(TASK INPUTS)
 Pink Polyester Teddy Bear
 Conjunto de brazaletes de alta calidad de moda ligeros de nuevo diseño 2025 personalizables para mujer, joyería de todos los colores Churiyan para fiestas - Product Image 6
(End TASK INPUTS)
(TASK INPUTS)
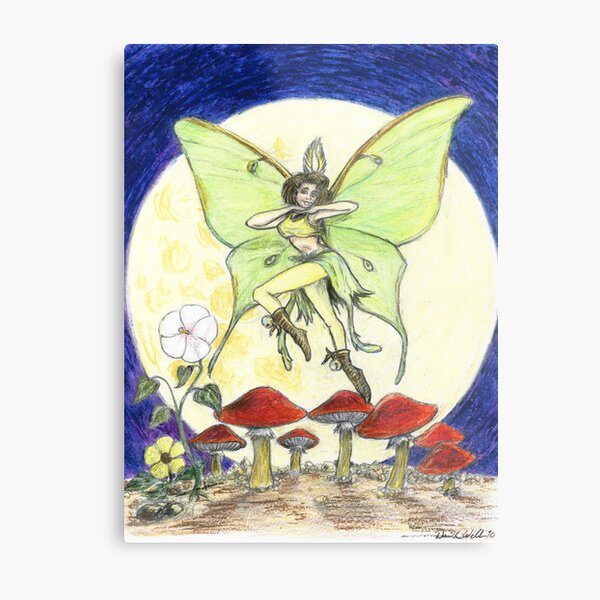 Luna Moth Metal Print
(End TASK INPUTS)
• WHAT NEEDS TO BE DONE: Using the entries above, extract exactly the span from the line with "Pink Polyester Teddy Bear" to the line with "Conjunto de brazaletes", both lines included; leave out everything else.

• EXPECTED OUTPUT:
 Pink Polyester Teddy Bear
 Conjunto de brazaletes de alta calidad de moda ligeros de nuevo diseño 2025 personalizables para mujer, joyería de todos los colores Churiyan para fiestas - Product Image 6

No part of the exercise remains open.